## What you are asked to do
Print exactly what appears from the line containing "Branson Pebble-Grained Leather" through the final line of the data below, pictures excluded.
....
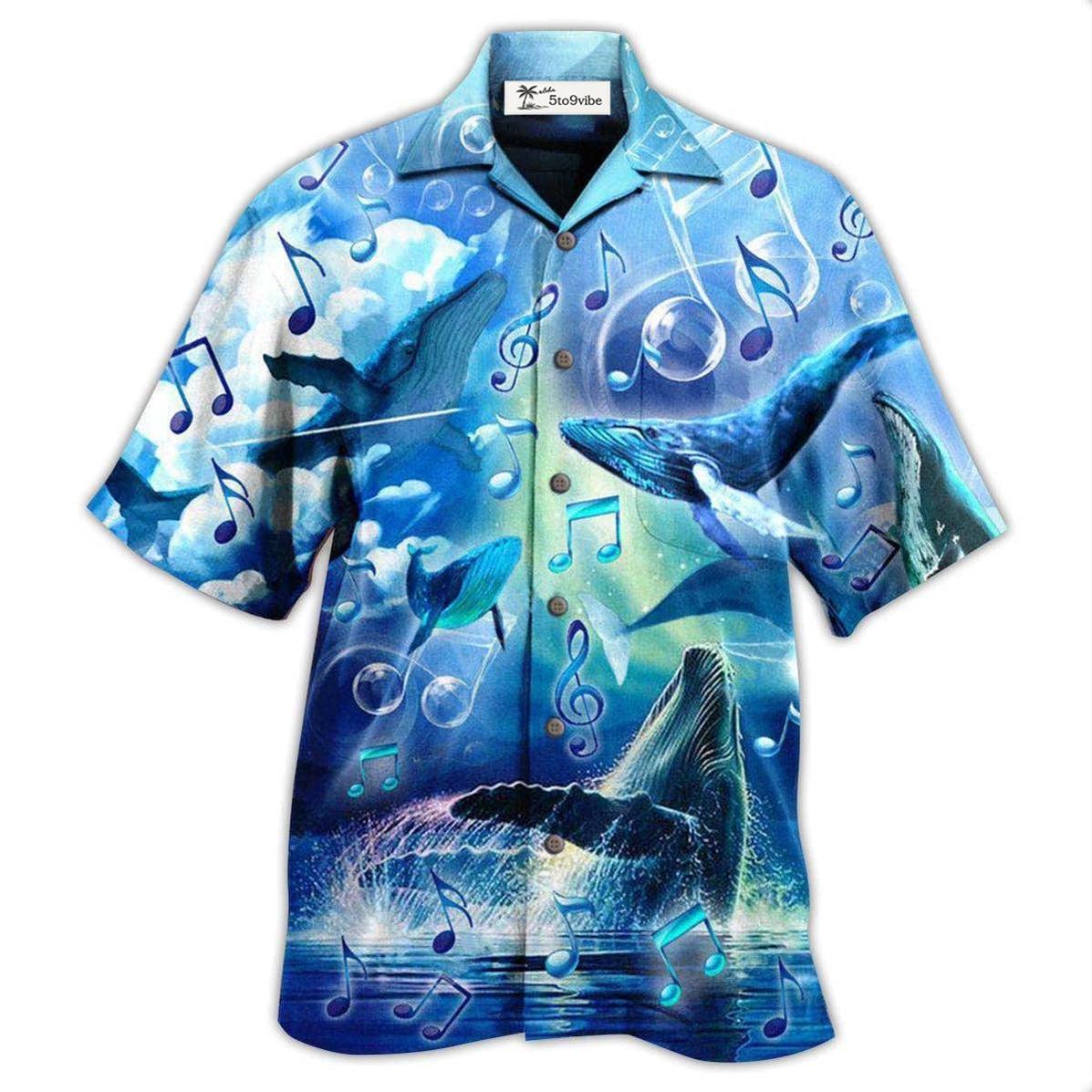 Hawaiian Shirt / Adults / S Whale Dancing In The Melody Of The Blue Sea - Hawaiian Shirt 
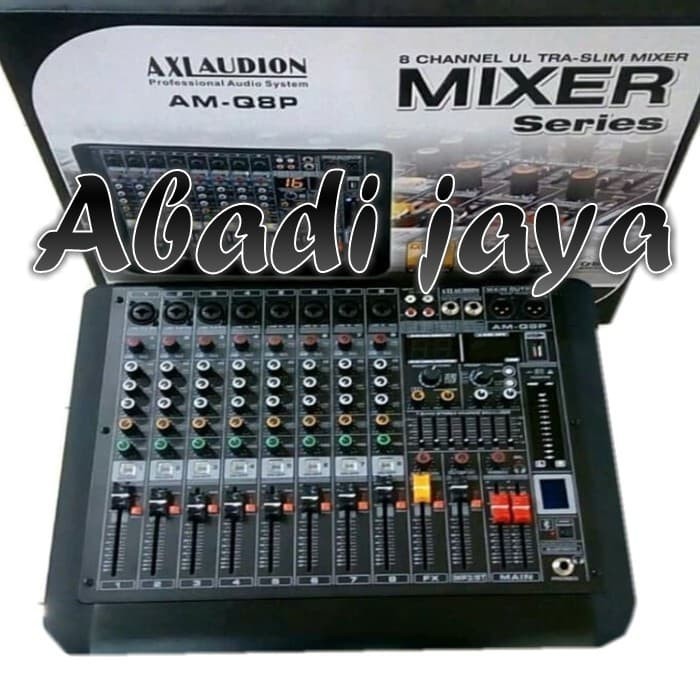 power mixer axl audion am q8p 8ch ORYGINAL axl audion amq8p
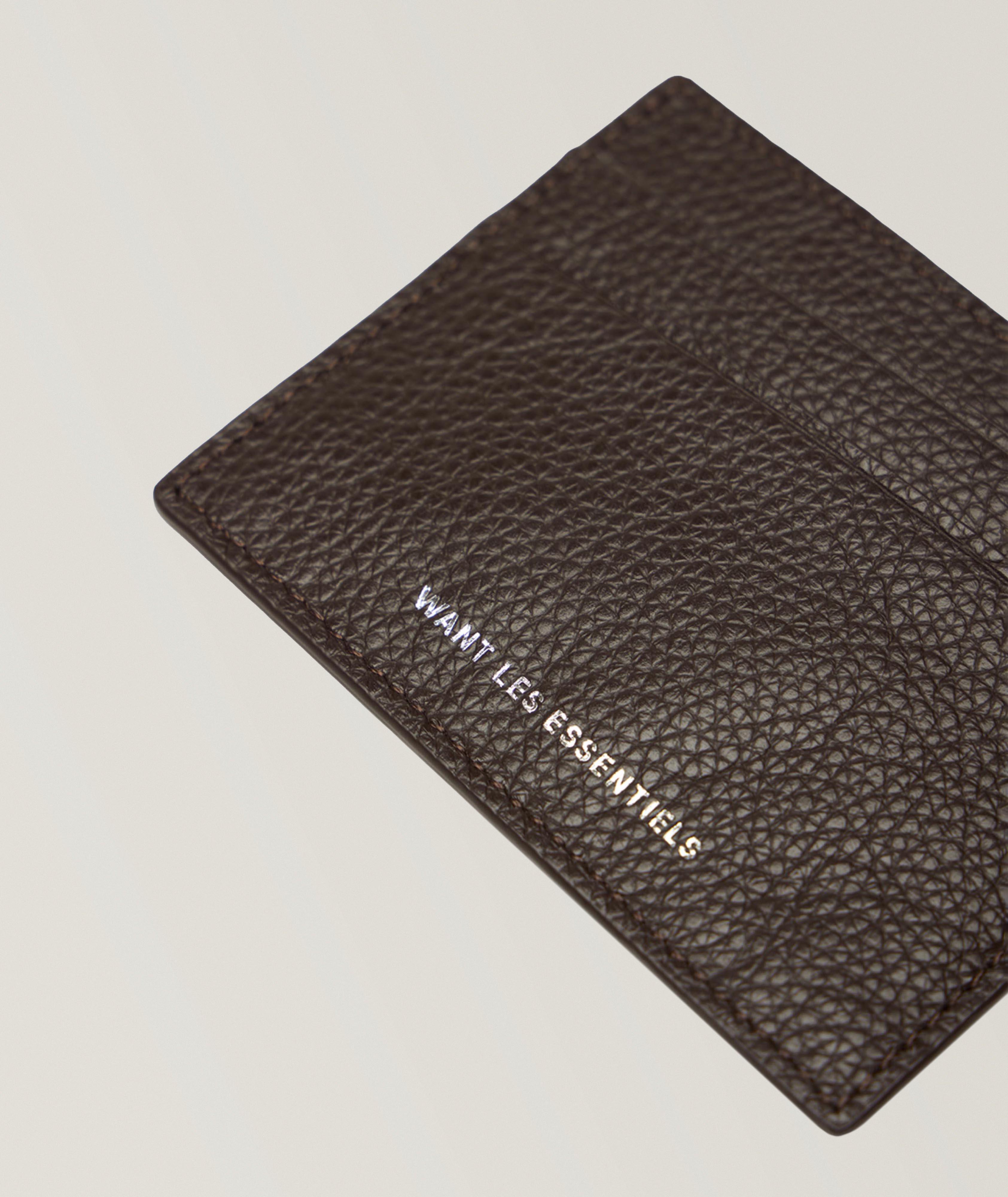 Branson Pebble-Grained Leather Cardholder  image 2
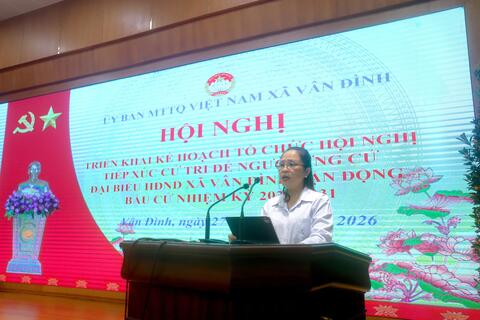 Từ ngày 2-3, Vân Đình bắt đầu các hội nghị tiếp xúc cử tri vận động bầu cử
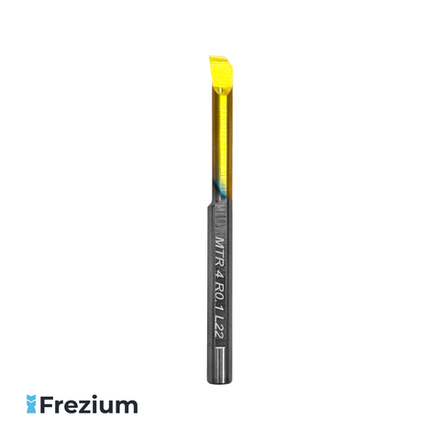 Мини резец расточной по металлу с внутренним подводом под СОЖ "Carmex" (MTR 4 R0.1 L22 BXC; 19162)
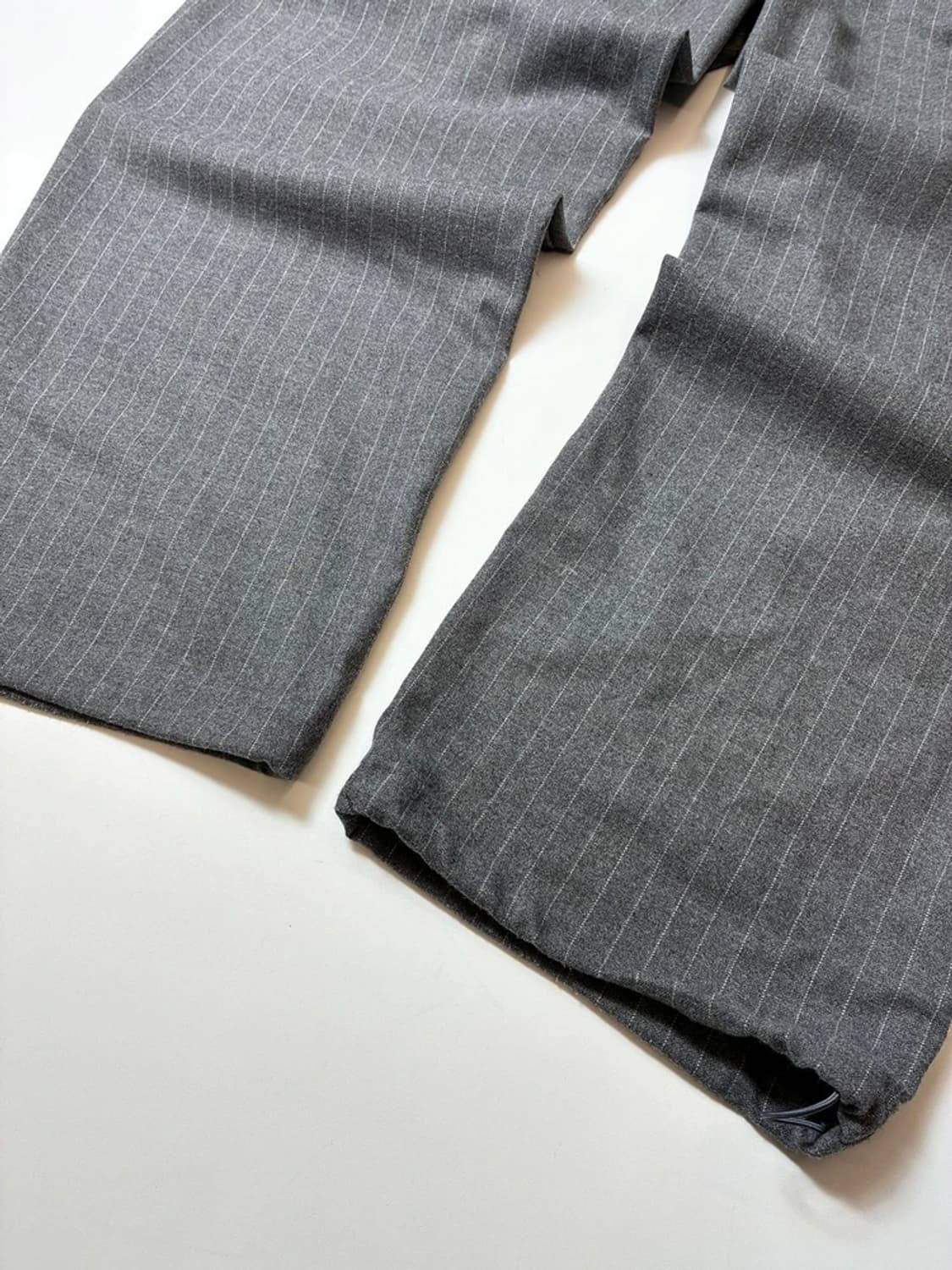 샌드사운드 24FW 3턱 와이드 스트라이프 팬츠 PN8816 상품이미지5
....
## Answer below
 Branson Pebble-Grained Leather Cardholder  image 2
 Từ ngày 2-3, Vân Đình bắt đầu các hội nghị tiếp xúc cử tri vận động bầu cử
 Мини резец расточной по металлу с внутренним подводом под СОЖ "Carmex" (MTR 4 R0.1 L22 BXC; 19162)
 샌드사운드 24FW 3턱 와이드 스트라이프 팬츠 PN8816 상품이미지5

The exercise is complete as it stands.